Proposal
There are two main purposes of the project proposal:
- To help you think about the project early, so you can get a head start on finding data, reading relevant literature, thinking about the questions you wish to answer, etc.
- To ensure that the data you wish to analyze, methods you plan to use, and the scope of your analysis are feasible and will allow you to be successful for this project.
Identify 3 primary or originally-collected datasets you’re interested in potentially using for the final project. If you’re unsure where to find data, you can use the list of potential data sources in the Tips + Resources section as a starting point. It may also help to think of topics you’re interested in investigating and find datasets on those topics.
Write the proposal in the proposal.qmd
file in your project repo.
You must use one of the datasets in the proposal for the final project, unless instructed otherwise when given feedback.
Criteria for datasets
The datasets should meet the following criteria:
- At least 500 observations
- At least 8 columns
- At least 6 of the columns must be useful and unique explanatory variables.
- Identifier variables such as “name”, “social security number”, etc. are not useful explanatory variables.
- If you have multiple columns with the same information (e.g. “state abbreviation” and “state name”), then they are not unique explanatory variables.
- You may not use data that has previously been used in any course materials, or any derivation of data that has been used in course materials.
- You may not use data from a secondary data archive. In plainest terms, do not use datasets you find from Kaggle or the UCI Machine Learning Repository. Your data should come from your own collection process (e.g. API or web scraping) or the primary source (e.g. government agency, research group, etc.).
Please ask a member of the course staff if you’re unsure whether your dataset meets the criteria.
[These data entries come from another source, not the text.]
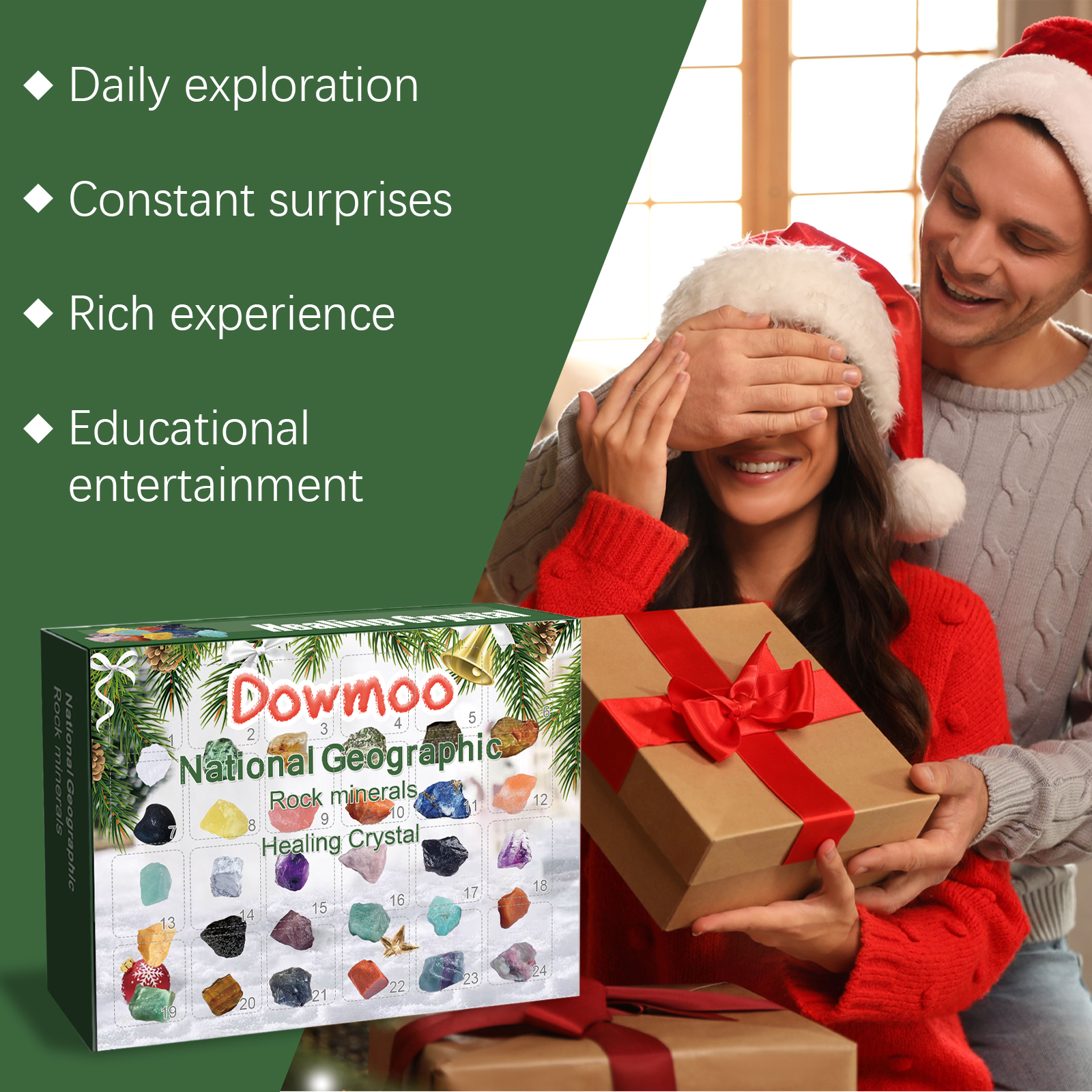 Dowmoo 24 Grid Ore Gift Box Blind Box Christmas Surprise Gift Multicolor Ore Countdown Blind Box Toy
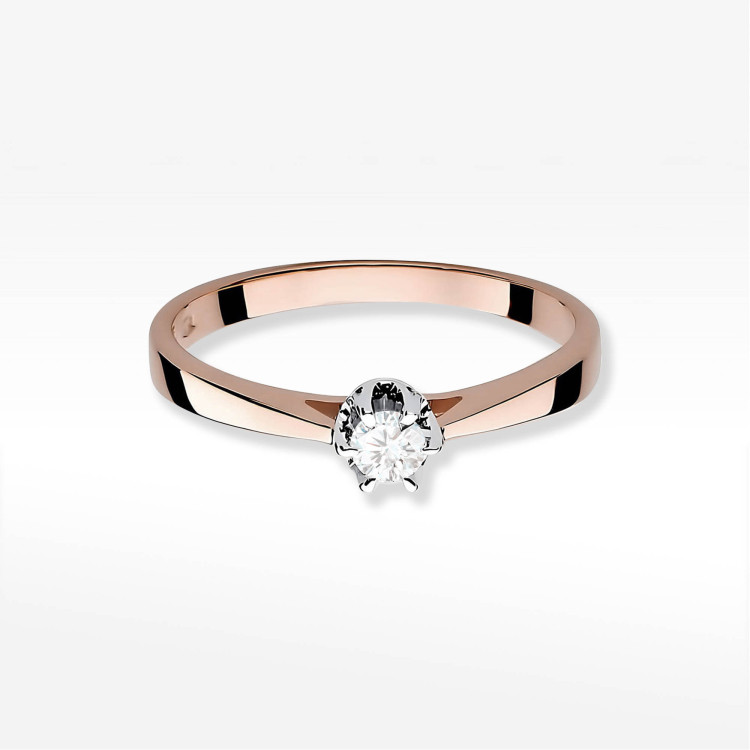 Pierścionek W0295 Diament 0,12ct różowe złoto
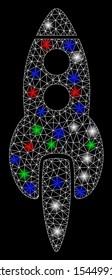 Bright mesh space rocket with lightspot effect. White wire frame triangular network in vector format on a black background. Abstract 2d mesh designed with triangular lines, small circle,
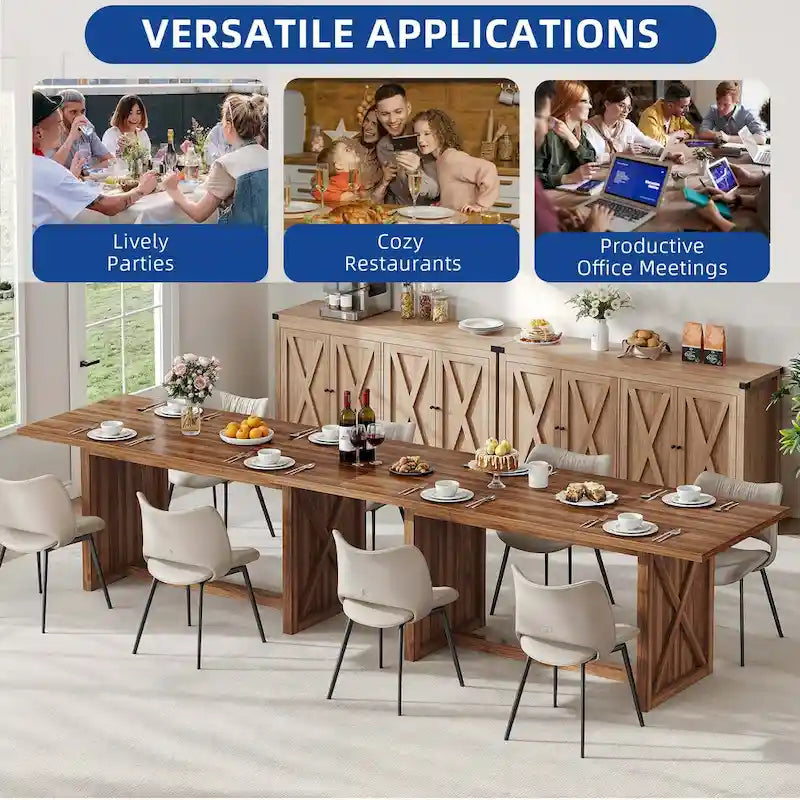 Table de salle à manger de ferme en chêne/noyer pour 6 à 8 personnes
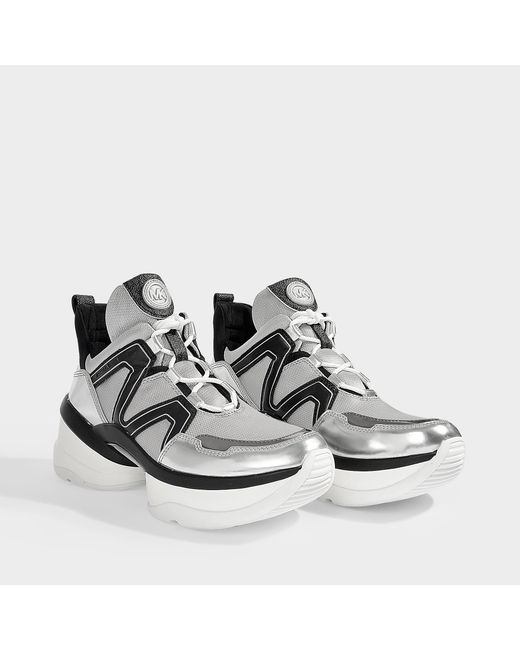 MICHAEL Michael Kors Olympia Oversized Trainers In Black And Silver Nylon  And Mirror Metallic Leather | Lyst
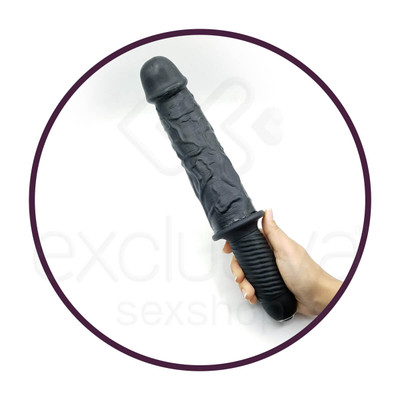 Foto 3 do produto Rammer - Prótese Realista em Silicone com Glande Definida, Veias, Base para Apoio e 10 Modos de Vibrações - 22 x 5,6 cm | Cor: Preto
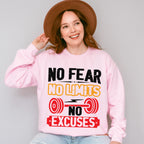 No Fear No Limits No Excuses - GYM Unisex Crewneck T-Shirt Sweatshirt Hoodie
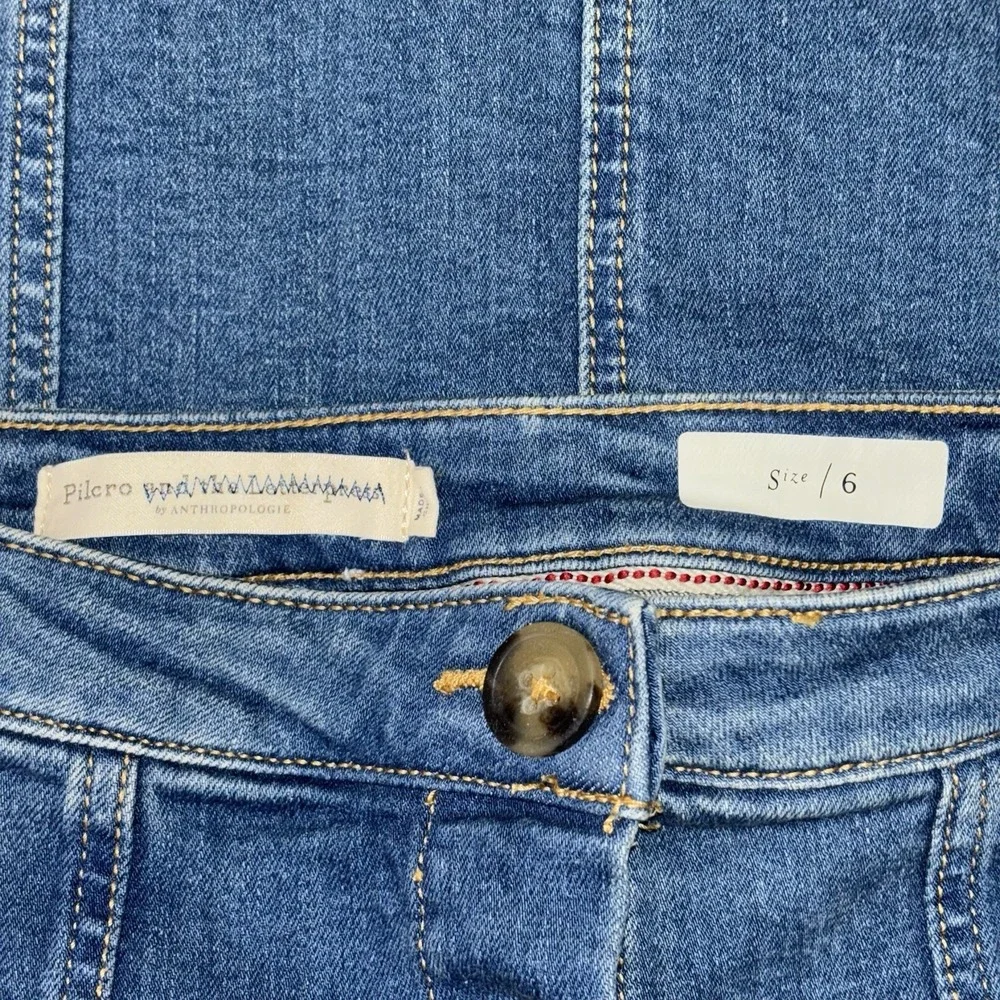 Pilcro And The Letterpress Anthropologie Blue Jean denim Skirt Sz 6 Button Front - Picture 3 of 4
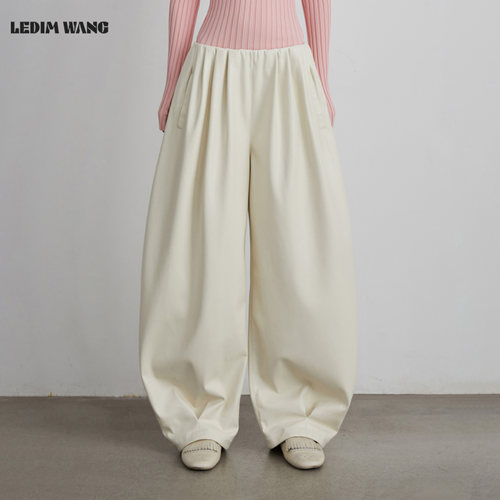 LEDIM WANG白标/慵懒垂感气球皮裤女25秋冬新款白色宽松阔腿长裤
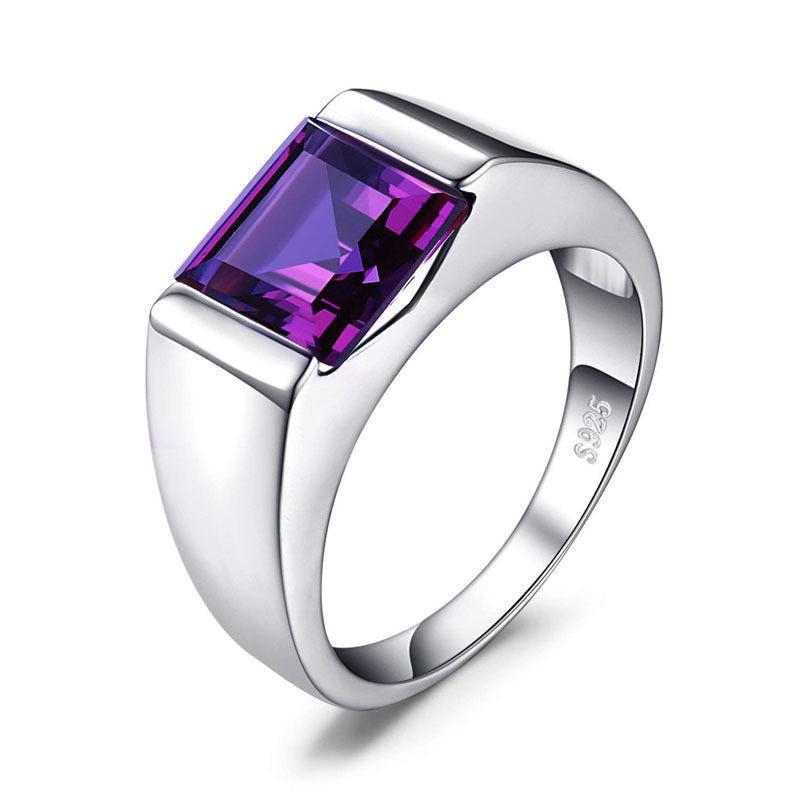 Men’s Sterling Silver Wedding Band with Colored Center Stone – Sizes 8–12.5 Shine of Diamond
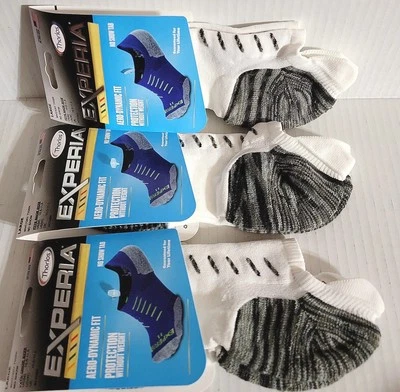 3 Pair Men's Thorlos Experia XCTU Cushion Socks No Show Tab Back Lg Gray/White - Image 1 of 3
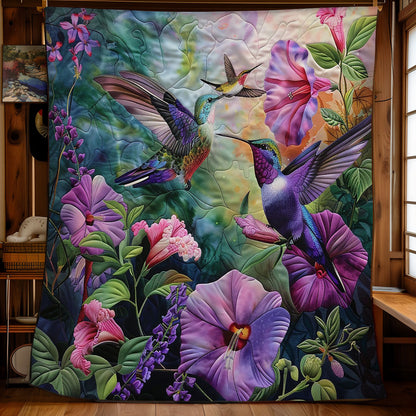 Purple Hummingbirds Family WM1408014CL Quilt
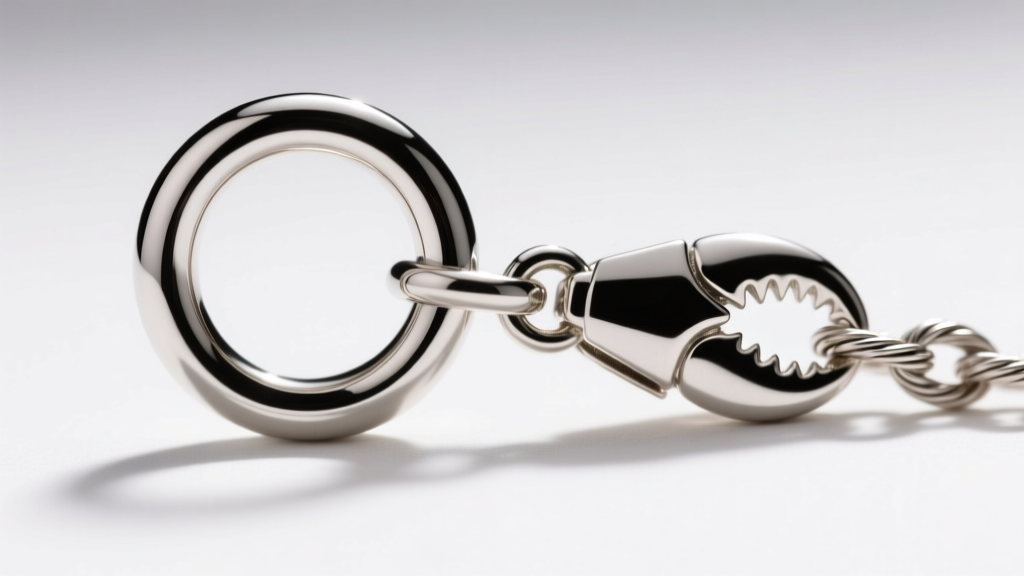 Macro shot of a silver jump ring and lobster clasp on a cable chain, demonstrating secure jewelry assembly and metal polishing.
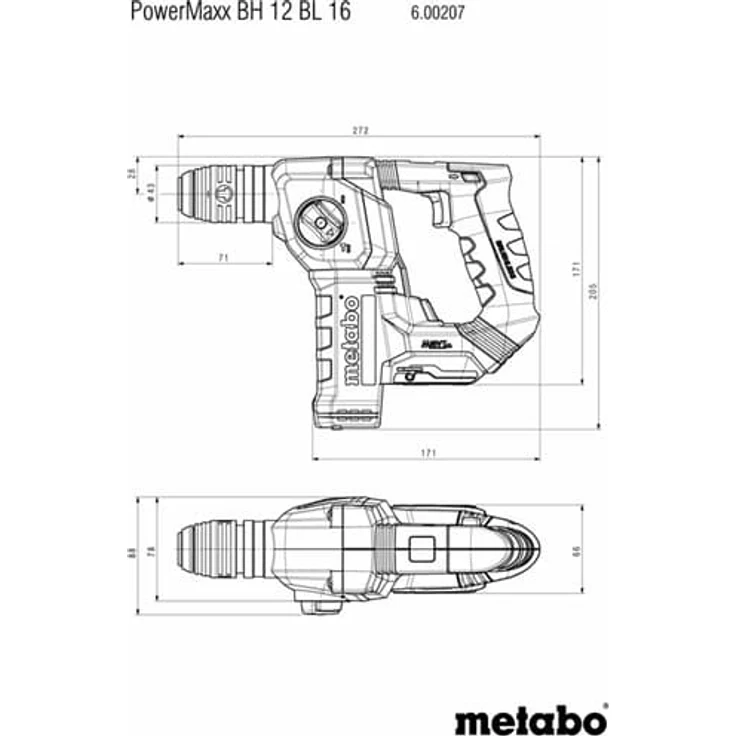 Metabo Akku-Bohrhammer PowerMaxx BH 12 BL 16, Metabox 145 (ohne Akku und Ladegerät) - 600207840 – Bild 5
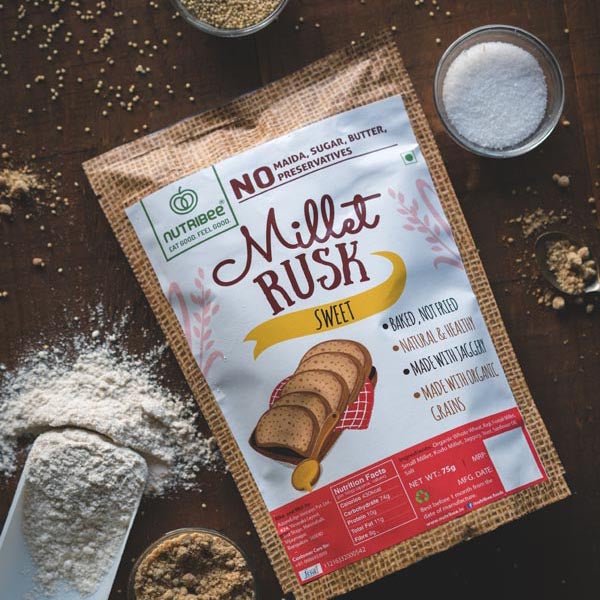 Sweet Millet Rusk - Nutribee - Freshmills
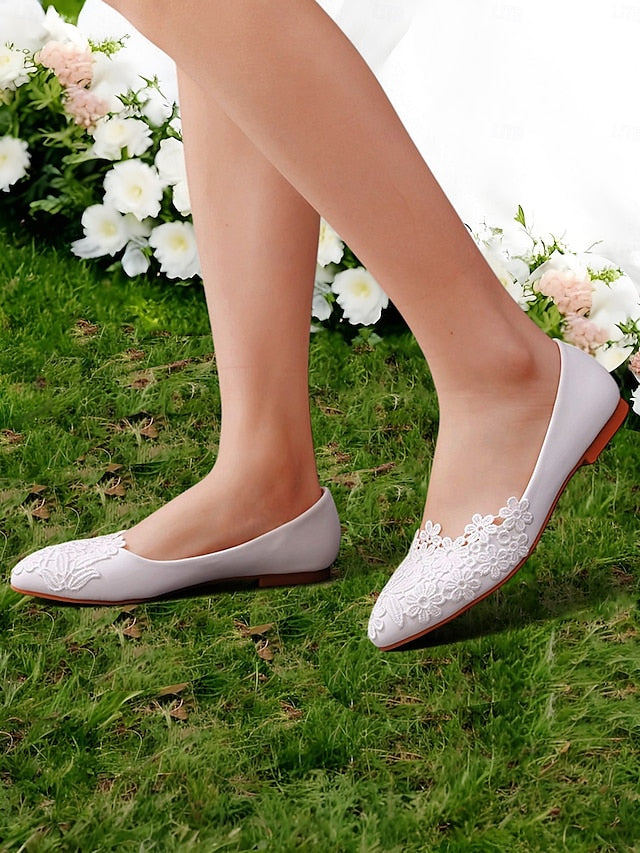Brides Women's – Ballet Flats for Elegant White Lace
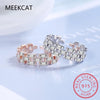 Classic Luxury Full Cubic Zirconia Ring 925 Sterling Silver CZ Finger Rings For Women Girls Party Accessories Jewelry JZ1337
If you set your hearts on a dataset that has fewer observations or variables than what’s suggested here, that might still be okay; use these numbers as guidance for a successful proposal, not as minimum requirements.
Resources for datasets
You can find data wherever you like, but here are some recommendations to get you started. You shouldn’t feel constrained to datasets that are already in a tidy format, you can start with data that needs cleaning and tidying, scrape data off the web, or collect your own data.
- Awesome public datasets
- CDC
- Chicago Open Data Portal
- Data.gov
- Data is Plural
- Election Studies
- European Statistics
- FiveThirtyEight
- General Social Survey
- Goodreads
- Google Dataset Search
- Harvard Dataverse
- International Monetary Fund
- IPUMS survey data from around the world
- Los Angeles Open Data
- National Weather Service
- NHS Scotland Open Data
- NYC OpenData
- Open access to Scotland’s official statistics
- Pew Research
- Project Gutenberg
- Reddit posts and/or comments
- Sports Reference
- Statistics Canada
- The National Bureau of Economic Research
- UK Government Data
- UNICEF Data
- United Nations Data
- United Nations Statistics Division
- US Census Data
- World Bank Data
- Youth Risk Behavior Surveillance System (YRBSS)
Proposal components
Introduction and data
For each dataset:
Identify the source of the data.
State when and how it was originally collected (by the original data curator, not necessarily how you found the data).
Write a brief description of the observations.
Address ethical concerns about the data, if any.
Research question
Your research question should contain at least three variables, and should be a mix of categorical and quantitative variables. When writing a research question, please think about the following:
What is your target population?
Is the question original?
Can the question be answered?
For each dataset, include the following:
- A well formulated research question. (You may include more than one research question if you want to receive feedback on different ideas for your project. However, one per dataset is required.)
- Statement on why this question is important.
- A description of the research topic along with a concise statement of your hypotheses on this topic.
- Identify the types of variables in your research question. Categorical? Quantitative?
Glimpse of data
For each dataset:
- Place the file containing your data in the
data
folder of the project repo. - Use the
skimr::skim()
function to provide a glimpse of the dataset.
Make sure to update your {renv} lockfile.
Evaluation criteria
Category | Less developed projects | Typical projects | More developed projects |
---|---|---|---|
Dataset ideas | Fewer than three dataset ideas are included. Dataset ideas are vague and impossible or excessively difficult to collect. |
Three datasets ideas are included and all or most datasets could feasibly be collected or accessed by the end of the semester. Each dataset is described alongside a note about availability with a source cited. |
Three datasets ideas are included and all or most datasets could feasibly be collected or accessed by the end of the semester. Each dataset is described alongside a note about availability with (possibly multiple) sources cited. Each dataset could reasonably be part of a data science project, driven by an interesting research question. |